SIGNÉ PAR : Danielle LE MOIGNE, Vice-Présidente, Juge au Tribunal Judiciaire du HAVRE et Isabelle MAHIER, Greffier au siège de ce Tribunal, 133 Boulevard de Strasbourg – 76600 LE HAVRE
EXPOSE DU LITIGE
Madame [S] [K] a saisi le Tribunal judiciaire du Havre par requête reçue le 12 juin 2025 aux fins de condamnation de la société Keep Driving à lui payer la somme de 4 432,91 euros correspondant à la prise en charge de tous les frais nécessaires pour le véhicule Mini Cooper immatriculé DS-491-HH acheté auprès de la société Keep Driving à Douains (27) au mois de juillet 2024 et 500 euros à titre de dommages et intérêts.
Les parties ont été convoquées par courriers recommandés à l’audience du 17 novembre 2025.
Madame [S] [K], comparante en personne, maintient ses demandes. Elle expose avoir acheté le véhicule d’occasion trouvé sur le site du Bon Coin et vendu par la société Keep Driving gérée par Monsieur [G] [Z] en juillet 2024. Après l’avoir essayé, elle n’a constaté aucun problème mais sur le retour, elle aurait constaté des difficultés pour passer les vitesses au point que le changement d’embrayage serait nécessaire.
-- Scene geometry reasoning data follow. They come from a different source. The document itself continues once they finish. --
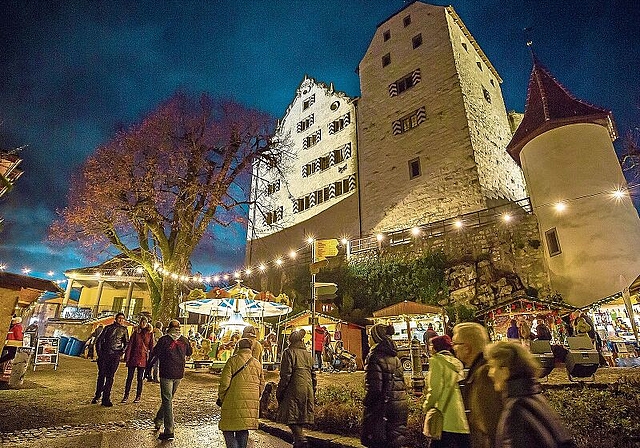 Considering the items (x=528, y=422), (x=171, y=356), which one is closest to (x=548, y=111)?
(x=171, y=356)

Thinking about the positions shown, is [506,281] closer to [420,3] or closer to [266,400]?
[266,400]

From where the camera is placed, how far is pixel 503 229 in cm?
1831

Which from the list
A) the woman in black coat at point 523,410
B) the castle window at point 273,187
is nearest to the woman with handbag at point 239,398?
the woman in black coat at point 523,410

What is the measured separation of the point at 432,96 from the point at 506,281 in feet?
44.0

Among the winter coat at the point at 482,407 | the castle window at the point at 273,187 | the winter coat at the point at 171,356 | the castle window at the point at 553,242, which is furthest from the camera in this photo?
the castle window at the point at 273,187

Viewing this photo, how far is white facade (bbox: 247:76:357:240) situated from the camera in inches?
1129

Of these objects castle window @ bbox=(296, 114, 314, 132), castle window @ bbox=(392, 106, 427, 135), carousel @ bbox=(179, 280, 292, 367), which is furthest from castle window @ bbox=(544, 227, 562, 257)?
castle window @ bbox=(296, 114, 314, 132)

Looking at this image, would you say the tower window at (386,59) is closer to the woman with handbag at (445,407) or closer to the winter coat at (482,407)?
the woman with handbag at (445,407)

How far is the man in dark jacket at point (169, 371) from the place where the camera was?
541cm

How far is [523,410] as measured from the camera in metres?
2.15

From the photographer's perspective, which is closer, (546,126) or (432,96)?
(546,126)

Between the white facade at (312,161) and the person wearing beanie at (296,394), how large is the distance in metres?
23.0

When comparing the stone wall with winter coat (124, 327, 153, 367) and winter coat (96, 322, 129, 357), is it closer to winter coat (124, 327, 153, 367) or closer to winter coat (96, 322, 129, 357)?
winter coat (124, 327, 153, 367)

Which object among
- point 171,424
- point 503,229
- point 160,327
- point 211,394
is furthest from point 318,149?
point 171,424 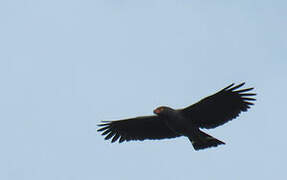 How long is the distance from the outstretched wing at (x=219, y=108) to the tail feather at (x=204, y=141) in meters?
0.48

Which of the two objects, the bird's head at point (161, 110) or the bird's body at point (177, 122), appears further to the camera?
the bird's head at point (161, 110)

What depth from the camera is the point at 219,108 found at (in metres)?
20.6

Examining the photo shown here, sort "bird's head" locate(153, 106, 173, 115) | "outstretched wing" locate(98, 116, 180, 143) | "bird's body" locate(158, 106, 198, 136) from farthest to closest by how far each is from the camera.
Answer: "outstretched wing" locate(98, 116, 180, 143) → "bird's head" locate(153, 106, 173, 115) → "bird's body" locate(158, 106, 198, 136)

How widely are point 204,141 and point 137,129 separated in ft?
7.22

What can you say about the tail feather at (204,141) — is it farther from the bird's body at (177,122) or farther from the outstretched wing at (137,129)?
the outstretched wing at (137,129)

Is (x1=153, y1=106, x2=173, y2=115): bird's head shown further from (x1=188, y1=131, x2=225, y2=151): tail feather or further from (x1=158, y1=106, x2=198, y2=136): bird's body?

De ce fait, elle n’utilise pas trop le véhicule. Elle affirme avoir dû changer les pneus et avoir repassé le contrôle technique. Les autres défaillances constatées sont mineures. Madame [K] ajoute qu’elle n’a pas pu ramener le véhicule en raison de son état de santé. Enfin, le vendeur n’aurait pas fait la facture le jour même mais postérieurement. Seul l’acte de cession a été fait le jour même de la vente.
La société Keep Driving, régulièrement représentée par son gérant, Monsieur [G] [Z], s’oppose aux demandes. Il indique que le compagnon de Madame [K] était venu essayer le véhicule une première fois et qu’il passait les vitesses sans difficulté alors que Madame avait du mal lorsqu’elle a fait l’essai. Il a précisé que l’embrayage était d’origine. Ils l’auraient appelé le lendemain de la vente pour l’annuler, ce qu’il aurait accepté sous réserve que Madame [K] lui ramène le véhicule, ce qu’elle aurait refusé. Il fait valoir que deux contrôles techniques ont été réalisés le même jour qui se contredisent alors qu’entre les deux, le véhicule a parcouru seulement 1 km. Le prix de vente tiendrait compte d’une diminution du prix à hauteur de 690 € pour changer l’embrayage. Le véhicule est roulant puisque Madame l’utilise.
A l’issue des débats la décision est mise en délibéré au 26 janvier 2026.
MOTIFS DE LA DECISION
Au préalable, il sera relevé au vu du constat de carence en date du 12 décembre 2024 produit qu’il a été procédé à une tentative de conciliation préalable menée par un conciliateur de justice. Monsieur [G] [Z] n’ayant pas répondu à l’invitation du conciliateur. La demande est donc recevable au regard des dispositions de l’article 750-1 du code de procédure civile.
1) Sur le fondement des demandes de Madame [K]
Aux termes de l’article 12 du Code civil, le juge tranche le litige conformément aux règles de droit qui lui sont applicables. Il doit donner ou restituer leur exacte qualification aux faits et actes litigieux sans s’arrêter à la dénomination que les parties en auraient proposée.
Aux termes de l’article 1641 du Code civil, le vendeur est tenu de la garantie à raison des défauts cachés de la chose vendue qui la rendent impropre à l’usage auquel on la destine, ou qui diminuent tellement cet usage que l’acheteur ne l’aurait pas acquise, ou n’en aurait donné qu’un moindre prix, s’il les avait connus.
Aux termes de l’article 1643 du même code, le vendeur est tenu des vices cachés, quand même il ne les aurait pas connus, à moins que, dans ce cas, il n’ait stipulé qu’il ne sera obligé à aucune garantie.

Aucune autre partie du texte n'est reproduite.